Está claro que Gaziel sintió de forma trágica la anormalidad europea de los españoles de su tiempo. Pues imaginemos qué pensaría ahora de la anormalidad catalana, cuando toda Europa nos ha cerrado la puerta (salvo los xenófobos fascistones amigos del procés, como el UKIP inglés o la Liga Norte de Padania), y nos hemos convertido en un país antipático, al decir de los franceses. Hay mucha leña que cortar para detener por convicción la "conjura de los irresponsables", tal como lo concibe y lo titula Jordi Amat en su última entrega. El daño del desgobierno independentista es mucho mayor de lo que podíamos imaginar y tardaremos muchos años en sacarnos de encima el estigma bobalicón y empobrecedor que nos han legado los Puigdemont, Junqueras, Rull, Comín y unos cuantos más. No quiero pasar por agorero de nadie, pero a casi todos, hasta alcanzar una lista de medio centenar, les espera el juzgado número 13 de Barcelona en una causa general que gravitará durante mucho tiempo sobre todos nosotros. A los países los levanta el sudor de su gente, pero los ensombrecen sus malos gobernantes. Sí, en política es así de injusto: el mal fario de unos pocos se cierne sobre todos.

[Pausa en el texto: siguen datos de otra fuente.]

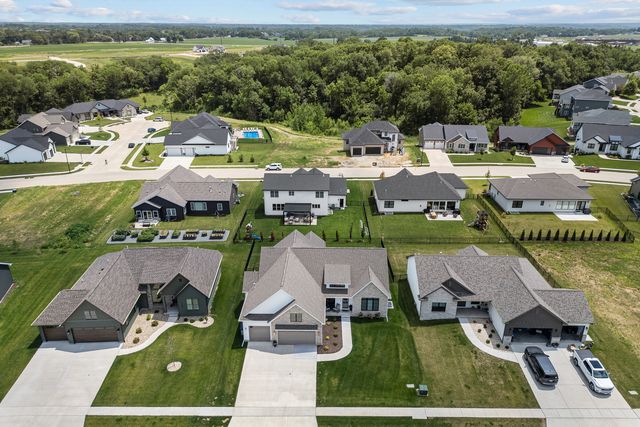 7131 Alvie Lane, Bettendorf, IA 52722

Urkullu tiene un especial interés en desmarcarse de los desmanes de Esquerra y el PDeCAT. No podemos pasar de puntillas sobre el paisaje desolado que dejan tras de sí los que levantan todavía el estandarte de la República catalana, hecha de ataques al Estado de derecho (por imperfecto que éste sea). No podemos perdonarles que nos llamen unionistas, como si fuéramos los turiferarios seguidores de la orden de Orange, en Irlanda del Norte. No podemos tolerar su ignorante ignominia dispuesta a cavar raíces en el localismo de los gentilicios. No pasaremos por las arcas de la acomplejada nueva burguesía del procés, diseñada desde el resentimiento y el rencor de los hijos y nietos de una Cataluña endins a la que Josep Pla estigmatizó como la "gangrena interior". Y tampoco por el interclasismo endomingado y restricto de los hijos de la patria en simbiosis con la nueva Cataluña del cinturón rojo, donde reside el amago matón de tantos conversos.  

Urkullu hace un planteamiento simple: entre reforma y revolución, y elige lo primero poniendo fin al pretexto y ofreciendo a todos las dudosas bondades del Cupo. Por su parte, Mas, en su sprint final, se muestra alambicado y oscuro; habita en la superstición de Ockam.